▶ [PROBLEM TO SOLVE]
All pictures are to be omitted while the lines starting at the line with "Welcome back everybody." and ending at the line with "The most important" in the material below are retyped exactly, both ends included.
================================
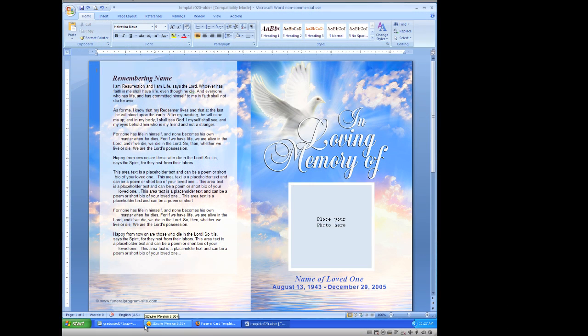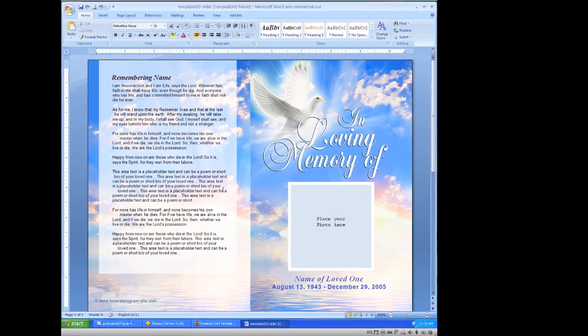In this video I'm going to show you how to insert your photo into the front cover, and for this example we are using Microsoft Word 2007. Here we have the Peace Funeral Program single fold template, and as you open it up, the first page will contain the front and the back cover.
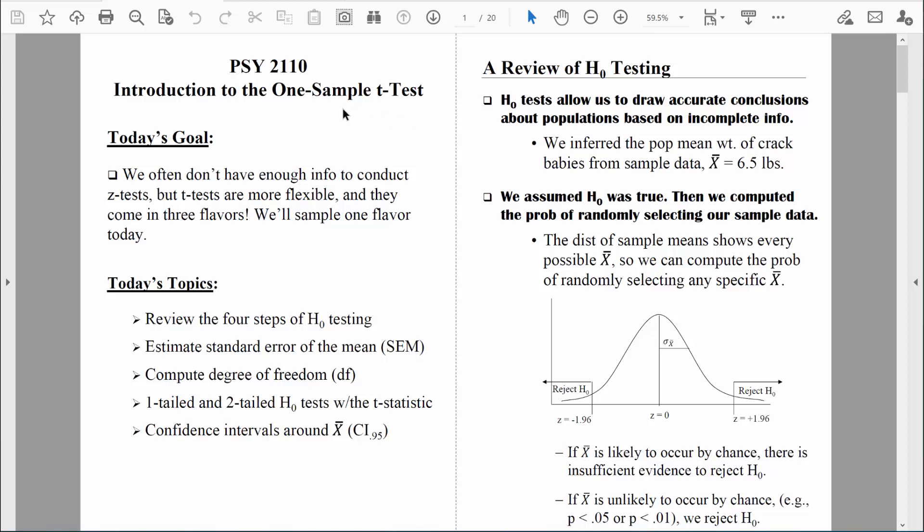Welcome back everybody. Let's continue to talk about the one sample t-test. In general, we like the one sample t-test because it's almost identical to the one sample z-test. The only difference is that we can use the one sample t-test when we don't know the population standard deviation, sigma. We get around it by estimating the population standard deviation using our sample data — we use the sample standard deviation to estimate the population standard deviation.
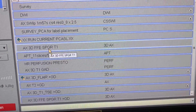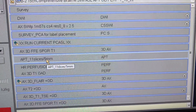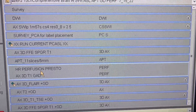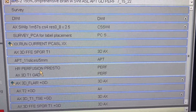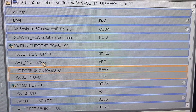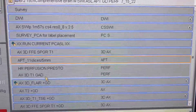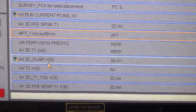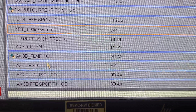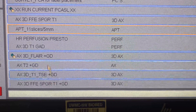The most important sequences we're going to look at today are the APT sequence and the high-resolution perfusion sequence. Those are the ones that require post-processing and require a certain setup. The rest of the sequences, especially post-contrast, are basically routine full-brain coverage.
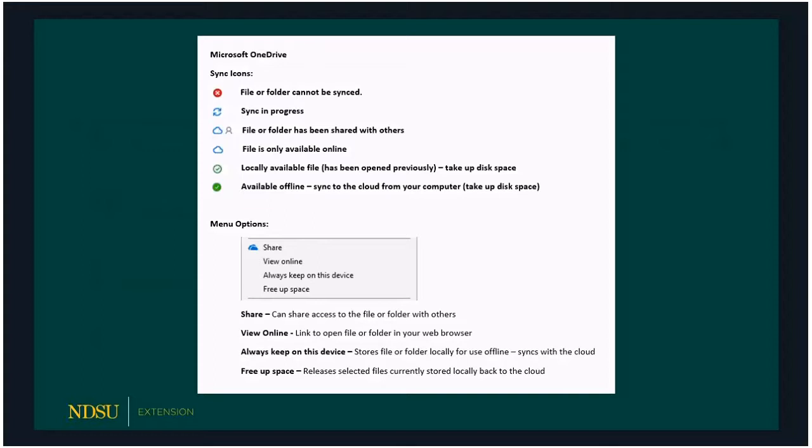The last two icons both mean the file is stored locally on your machine. The solid green checkmark means you've specifically selected it to be stored on your machine for offline use. The hollow green checkmark appears when you open a file to work on it — OneDrive automatically saves it to your local hard drive. In both cases, they are on your local hard drive and taking up space. There are ways to manage this better now with the new menu options.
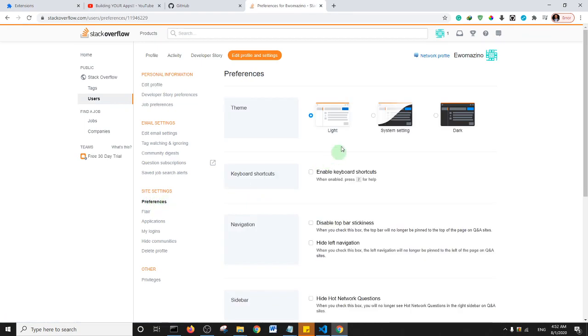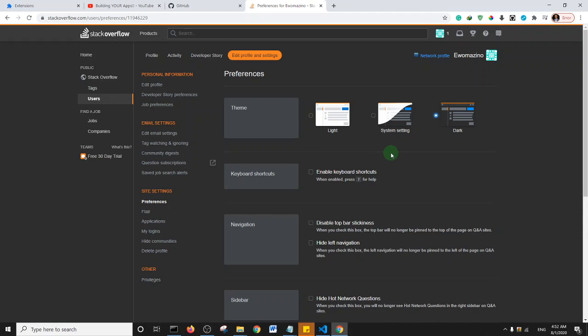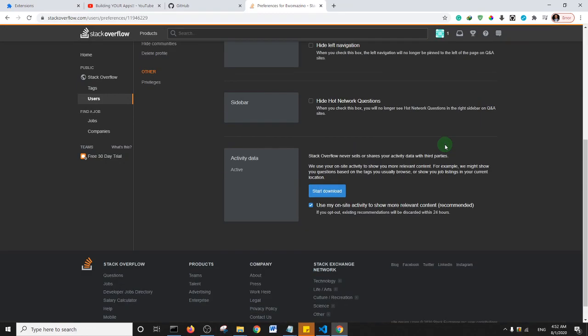We're under the Preferences page, and here we can see Light, System Setting, and Dark. I'm going to select Dark, and as you can see, my Stack Overflow has changed to dark mode. So essentially, that's how you can set dark mode on your Stack Overflow account.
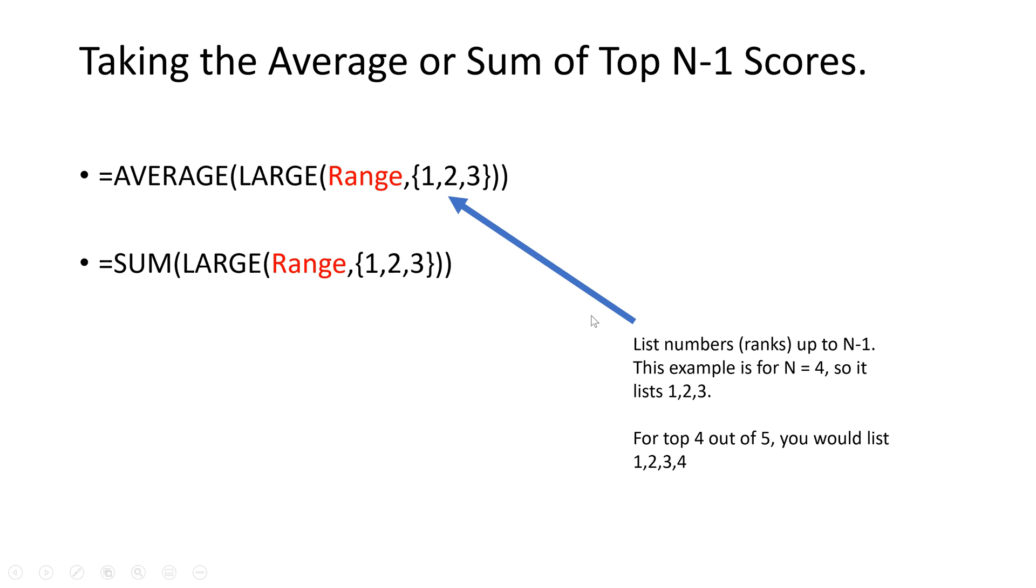This can be pretty helpful if you're needing to drop the lowest score or just take the average of a set number of scores. So I'll quickly demonstrate how to do that in Excel.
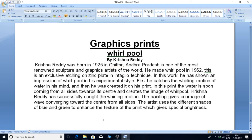He made Whirlpool in 1962. This is an exclusive etching on zinc plate in intaglio technique. In this work, he has shown an impression of a whirlpool in his experimental style.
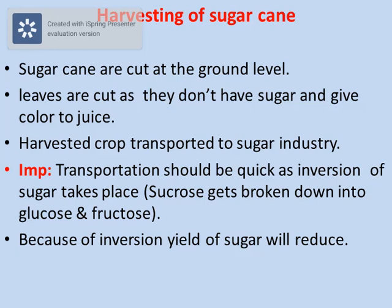Now we will see harvesting of sugarcane. Sugarcane is cut at the ground level when it is fully grown. The leaves of fully grown sugarcane are cut because they impart color to the juice and also they don't contain sugar. The harvested crop is then transported to the sugar industry.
================================
▶ [RESULT]
Welcome back everybody. Let's continue to talk about the one sample t-test. In general, we like the one sample t-test because it's almost identical to the one sample z-test. The only difference is that we can use the one sample t-test when we don't know the population standard deviation, sigma. We get around it by estimating the population standard deviation using our sample data — we use the sample standard deviation to estimate the population standard deviation.
The most important sequences we're going to look at today are the APT sequence and the high-resolution perfusion sequence. Those are the ones that require post-processing and require a certain setup. The rest of the sequences, especially post-contrast, are basically routine full-brain coverage.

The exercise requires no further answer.